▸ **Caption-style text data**

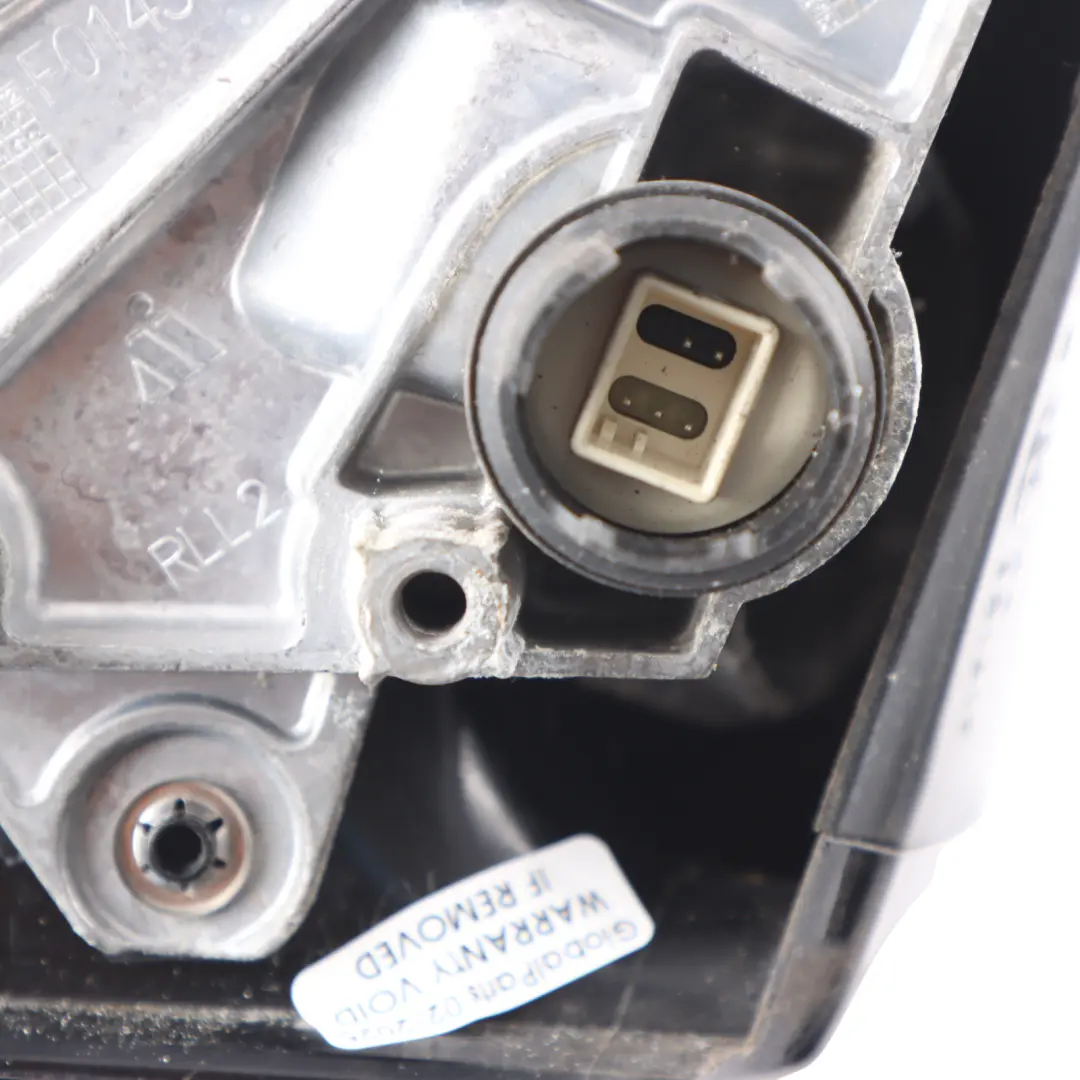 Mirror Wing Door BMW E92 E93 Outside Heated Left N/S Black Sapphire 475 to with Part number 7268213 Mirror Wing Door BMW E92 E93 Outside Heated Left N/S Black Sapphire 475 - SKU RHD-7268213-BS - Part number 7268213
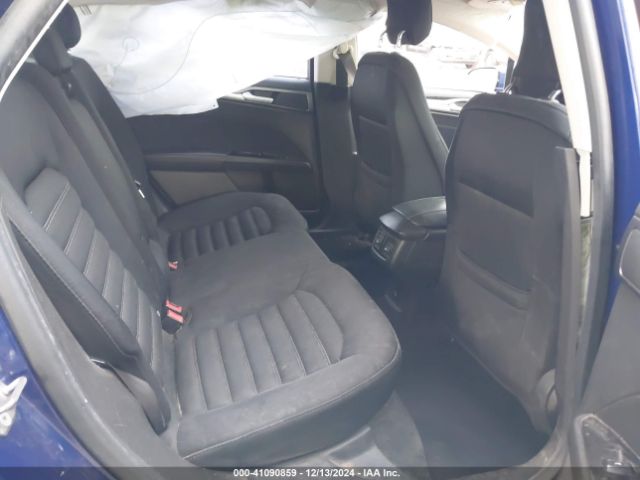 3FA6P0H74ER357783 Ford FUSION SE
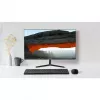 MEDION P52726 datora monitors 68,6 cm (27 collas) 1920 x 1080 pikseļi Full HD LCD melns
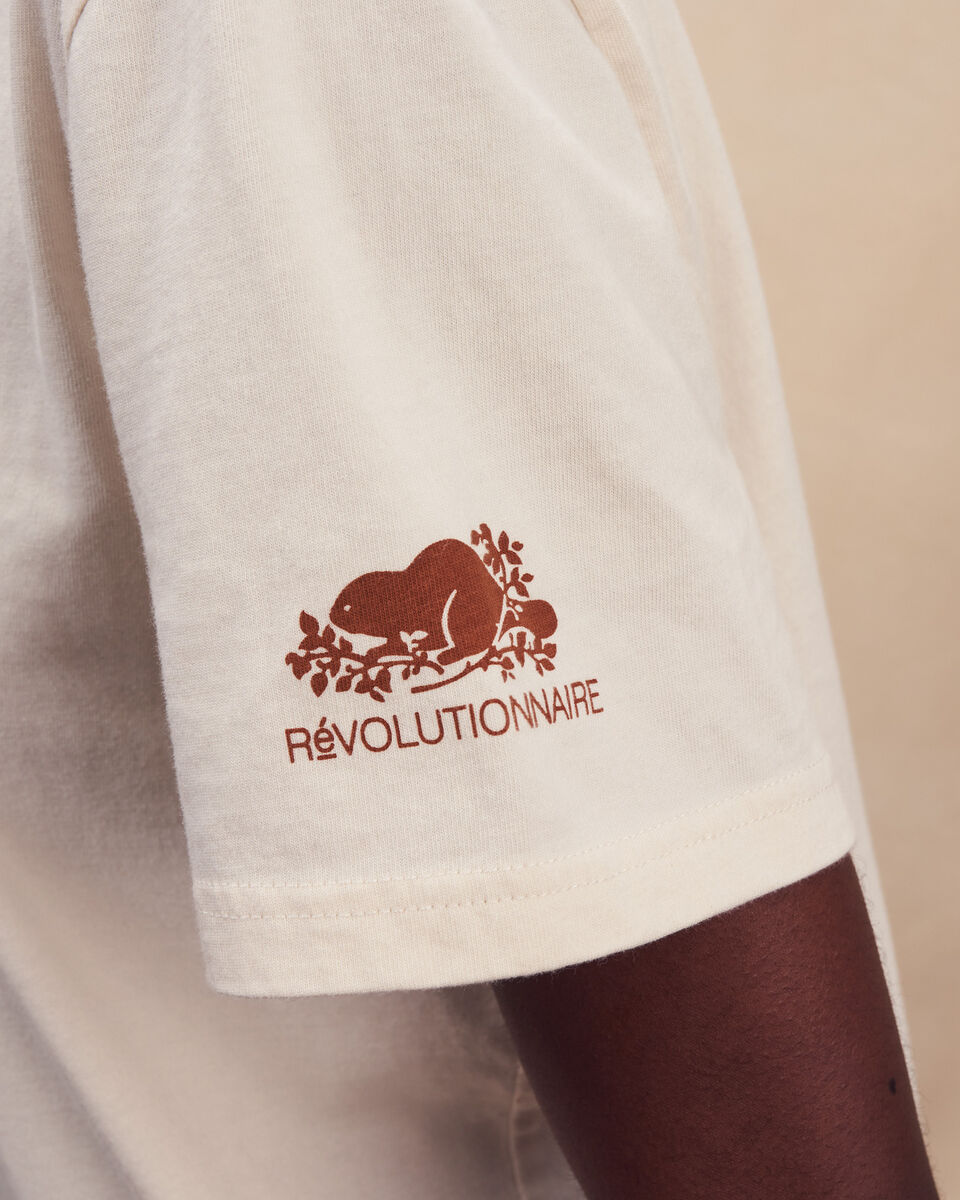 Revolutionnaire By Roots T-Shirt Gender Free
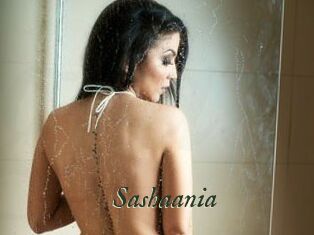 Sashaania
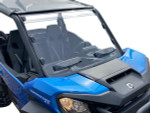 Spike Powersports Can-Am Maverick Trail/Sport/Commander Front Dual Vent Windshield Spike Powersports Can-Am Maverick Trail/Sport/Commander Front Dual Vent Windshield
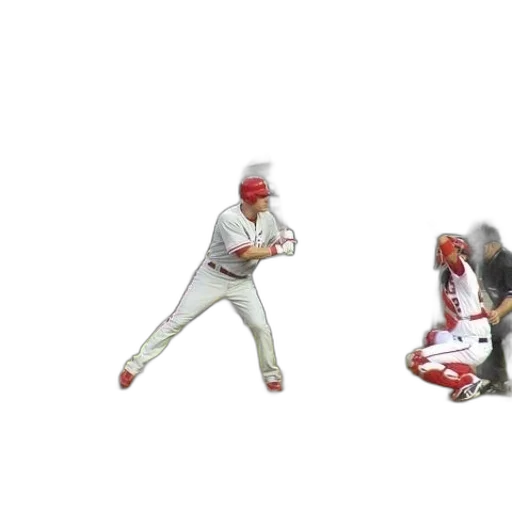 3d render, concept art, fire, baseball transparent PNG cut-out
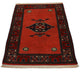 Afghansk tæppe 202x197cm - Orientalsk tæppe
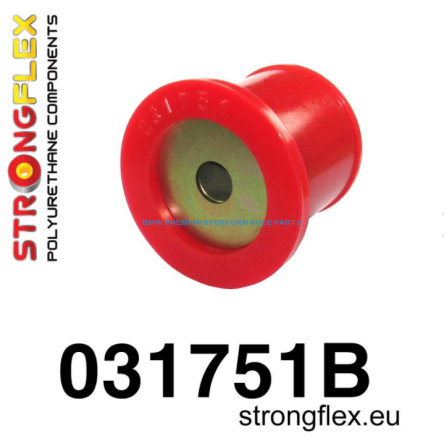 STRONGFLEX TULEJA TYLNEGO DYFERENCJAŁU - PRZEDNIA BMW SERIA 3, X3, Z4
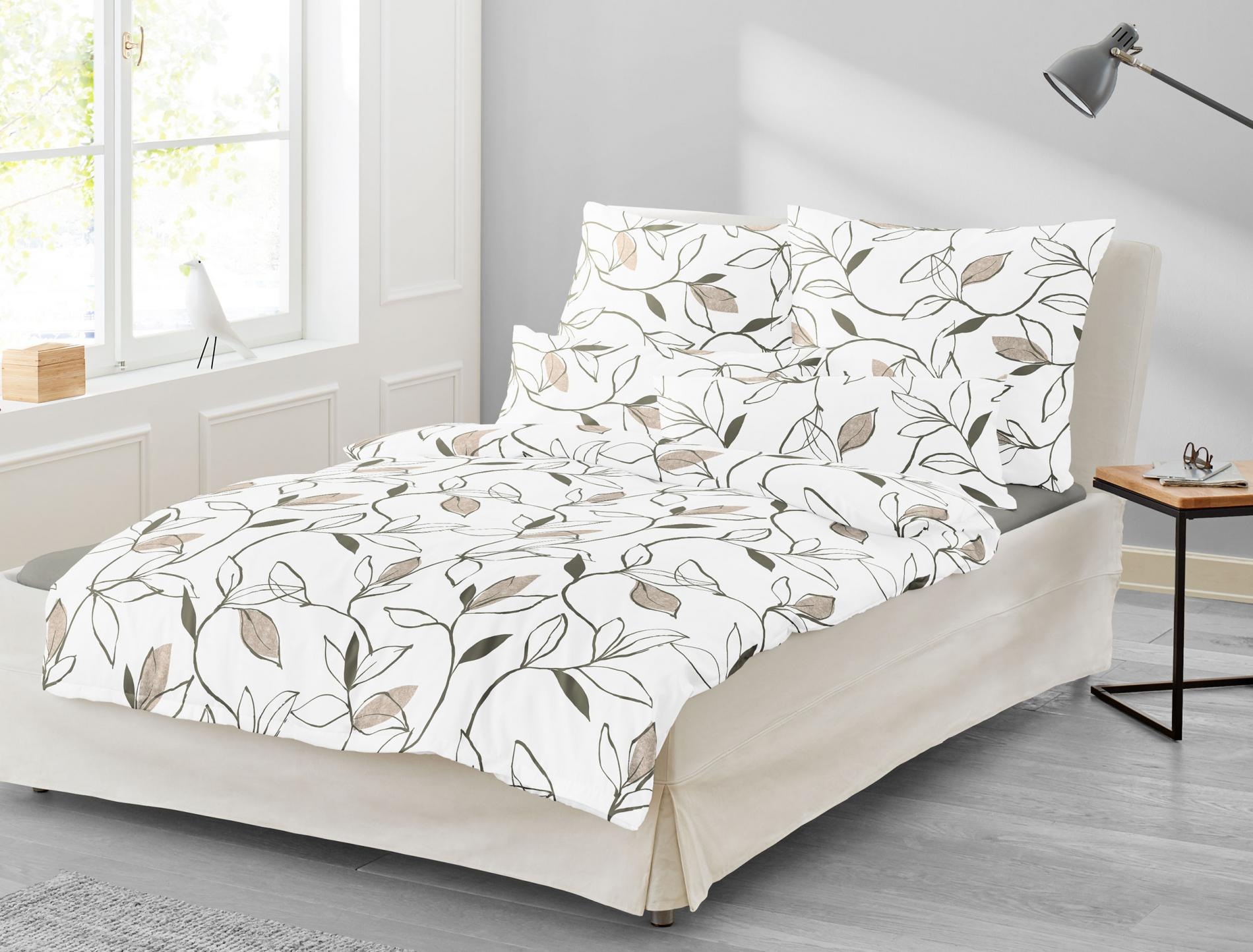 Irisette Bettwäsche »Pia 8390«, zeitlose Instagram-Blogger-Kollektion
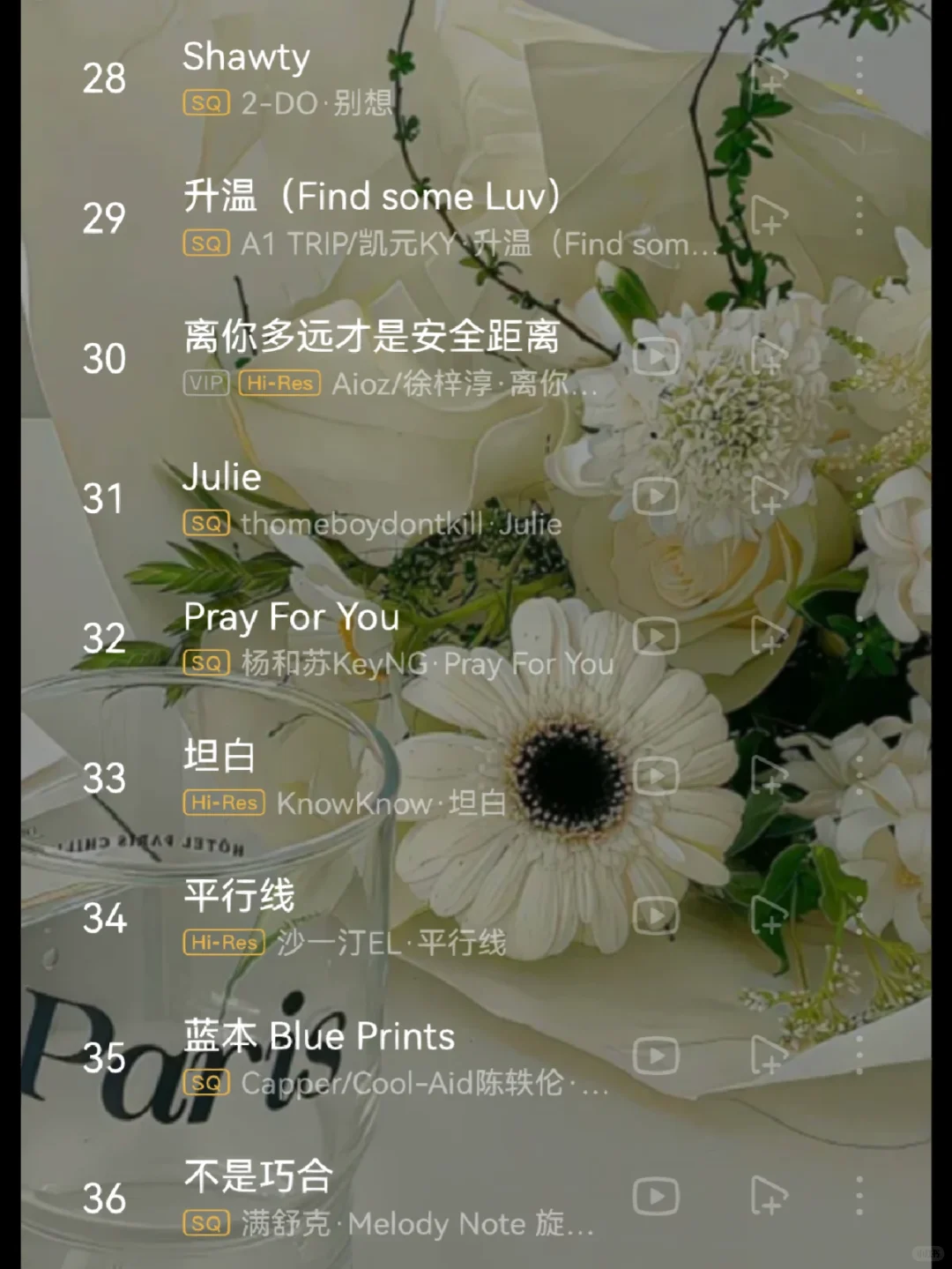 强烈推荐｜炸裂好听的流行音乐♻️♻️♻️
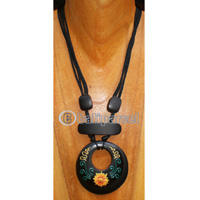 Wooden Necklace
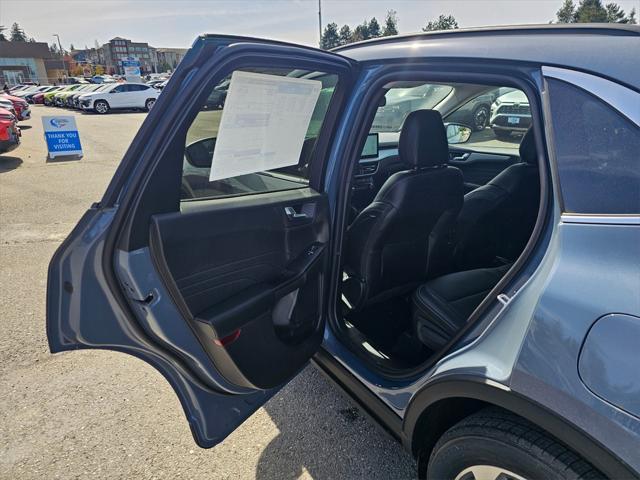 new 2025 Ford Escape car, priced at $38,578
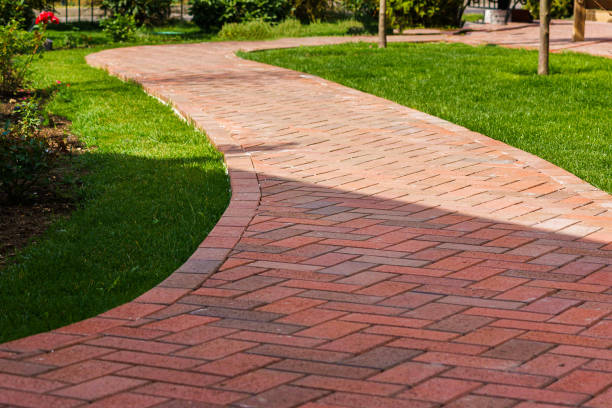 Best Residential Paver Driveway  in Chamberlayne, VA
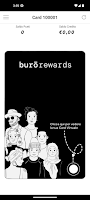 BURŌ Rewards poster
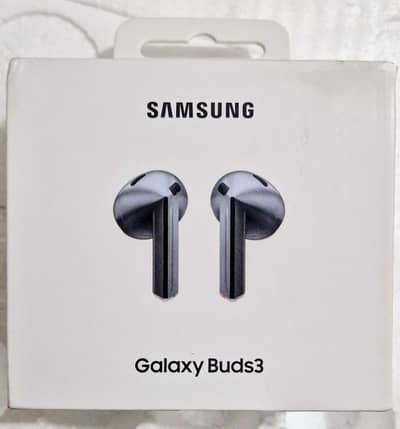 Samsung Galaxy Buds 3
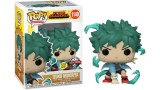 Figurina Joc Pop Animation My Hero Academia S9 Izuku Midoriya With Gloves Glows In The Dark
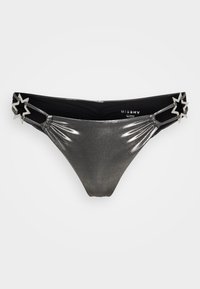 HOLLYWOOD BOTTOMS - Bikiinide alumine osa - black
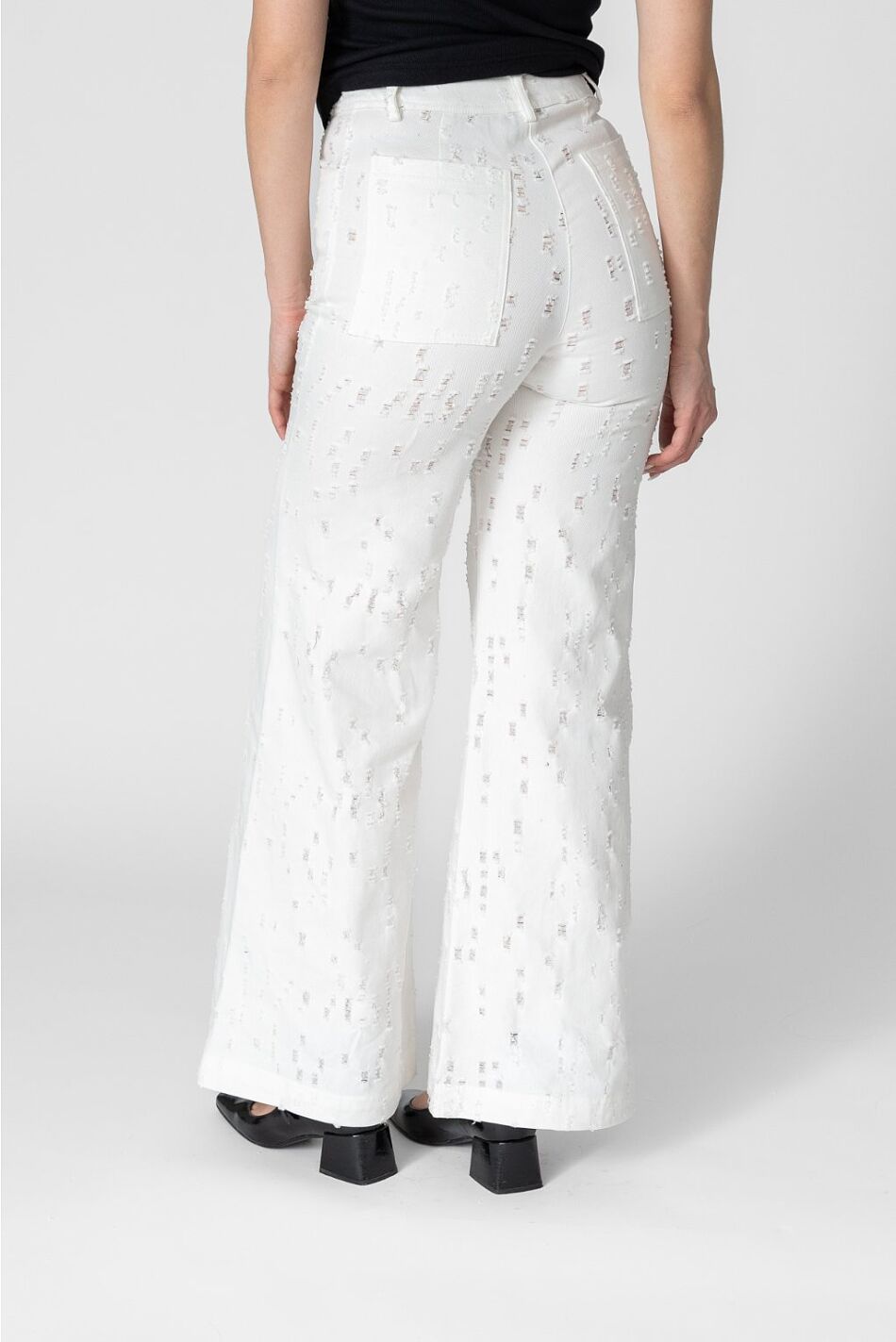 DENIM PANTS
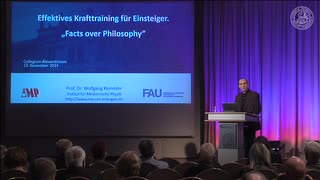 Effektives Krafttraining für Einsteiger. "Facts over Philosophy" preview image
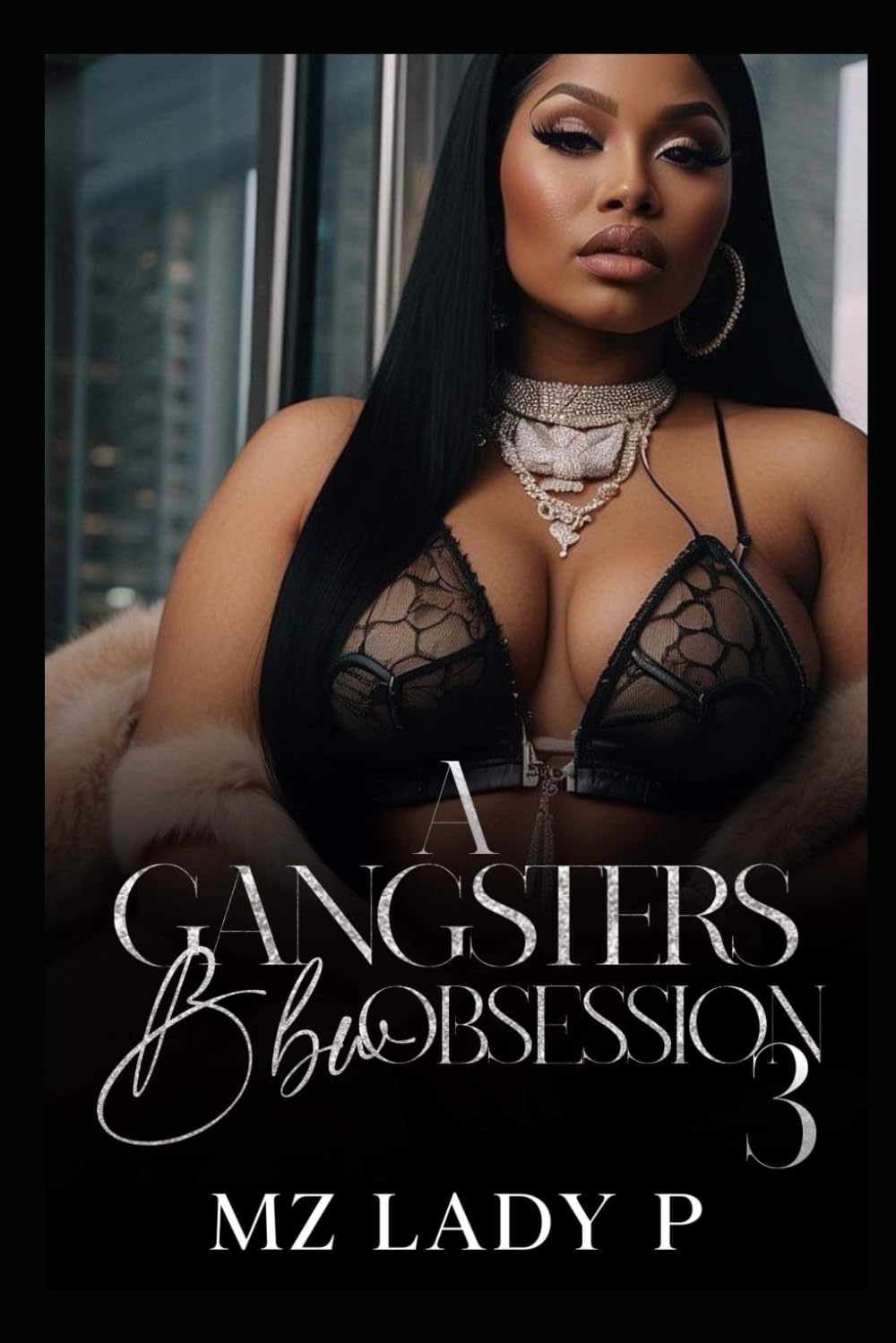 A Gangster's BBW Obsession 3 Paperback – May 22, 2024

▸ **TO DO**
All of the records should be output exactly as they stand, with pictures omitted.

▸ **RESPONSE BOX**
 Mirror Wing Door BMW E92 E93 Outside Heated Left N/S Black Sapphire 475 to with Part number 7268213 Mirror Wing Door BMW E92 E93 Outside Heated Left N/S Black Sapphire 475 - SKU RHD-7268213-BS - Part number 7268213
 3FA6P0H74ER357783 Ford FUSION SE
 MEDION P52726 datora monitors 68,6 cm (27 collas) 1920 x 1080 pikseļi Full HD LCD melns
 Revolutionnaire By Roots T-Shirt Gender Free
 Sashaania
 Spike Powersports Can-Am Maverick Trail/Sport/Commander Front Dual Vent Windshield Spike Powersports Can-Am Maverick Trail/Sport/Commander Front Dual Vent Windshield
 3d render, concept art, fire, baseball transparent PNG cut-out
 Afghansk tæppe 202x197cm - Orientalsk tæppe
 STRONGFLEX TULEJA TYLNEGO DYFERENCJAŁU - PRZEDNIA BMW SERIA 3, X3, Z4
 Irisette Bettwäsche »Pia 8390«, zeitlose Instagram-Blogger-Kollektion
 强烈推荐｜炸裂好听的流行音乐♻️♻️♻️
 Wooden Necklace
 new 2025 Ford Escape car, priced at $38,578
 Best Residential Paver Driveway  in Chamberlayne, VA
 BURŌ Rewards poster
 Samsung Galaxy Buds 3
 Figurina Joc Pop Animation My Hero Academia S9 Izuku Midoriya With Gloves Glows In The Dark
 HOLLYWOOD BOTTOMS - Bikiinide alumine osa - black
 DENIM PANTS
 Effektives Krafttraining für Einsteiger. "Facts over Philosophy" preview image
 A Gangster's BBW Obsession 3 Paperback – May 22, 2024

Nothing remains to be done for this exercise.